Optimally overprovisioning doesn’t mean NewEdge needs thousands of data centers. Nor does it mean Netskope needs to run hundreds of racks in nearly 60 regions. What it means is that the decision-makers in Platform Engineering at Netskope deeply understand the business. They have enough of an understanding, more or less, to know what to expect regarding their traffic needs. And accordingly, they build a big enough buffer to handle the unlikely events. Today, each Netskope data center is capable of scaling up to manage an impressive 2Tbps of traffic, which means NewEdge can run more than 100Tbps globally. And suppose an individual data center becomes overloaded. In that case, the NewEdge architecture dynamically enables failover to move surplus traffic to a nearby data center, so it is 100% transparent and seamless to the end customer or user.
Why network design & architecture are so essential to cloud security?
For many cloud-security companies, the overprovisioning described in this blog can be cost-prohibitive. It’s more affordable for Netskope because of the easy scalability of the NewEdge architecture. The problem is that tradeoffs in this area are unacceptable, as failing to overprovision correctly may put customers’ security and valuable data at risk.
Many years ago, when I was in my early 20s, I worked the night shift overseeing a local network of ATMs—by which I mean automated teller machines, not asynchronous transfer mode.

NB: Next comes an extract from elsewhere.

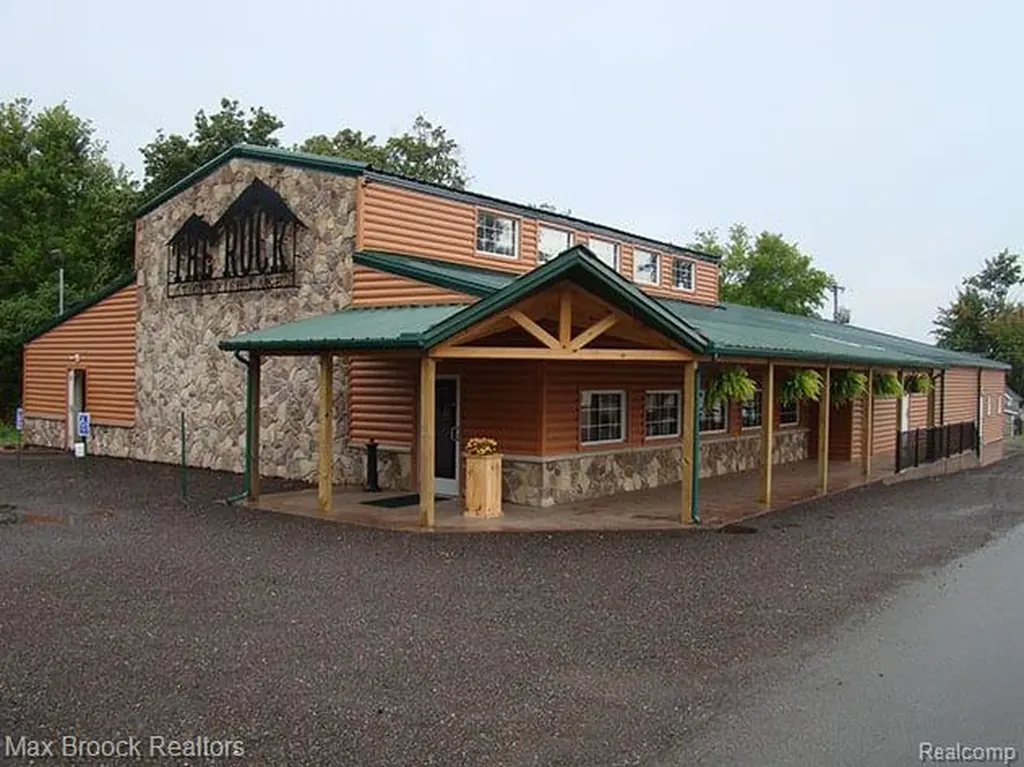 58282 Savage Road Newberg Township MI 49095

Several hundred ATMs were linked via Plain Old Telephone Line (“POTS”) serial connections, and I monitored their status. Each bank set its policy for how its machines respond if they lost network connectivity and had to operate offline. The banks had the option of ceasing to give out any money until the ATM could verify that customers had enough in their accounts. But I was surprised that most banks chose to continue dispensing cash, even without verification. They prioritized customer satisfaction over risk mitigation.
Cloud security providers’ capacity planning involves similar issues to those banks setting policies for offline ATMs. What will a SaaS security company do if a particular data center experiences more traffic than it can handle? I know of some security companies that just let all traffic through; they default to no security in that circumstance. If their systems have an outage from 4 a.m. to 4:15 a.m., they may later go back through traffic data for that period and let customers know whether anything bad happened. But that is not a comfortable conversation.
In my experience, even if the security company offers a post-outage review, customers prefer having their traffic protected all the time. Knowing after the fact what went on during an outage is not the same as having uninterrupted security in place. Ultimately, that’s why a cloud security solution’s architecture matters, and it’s the cornerstone for success in SSE and SASE.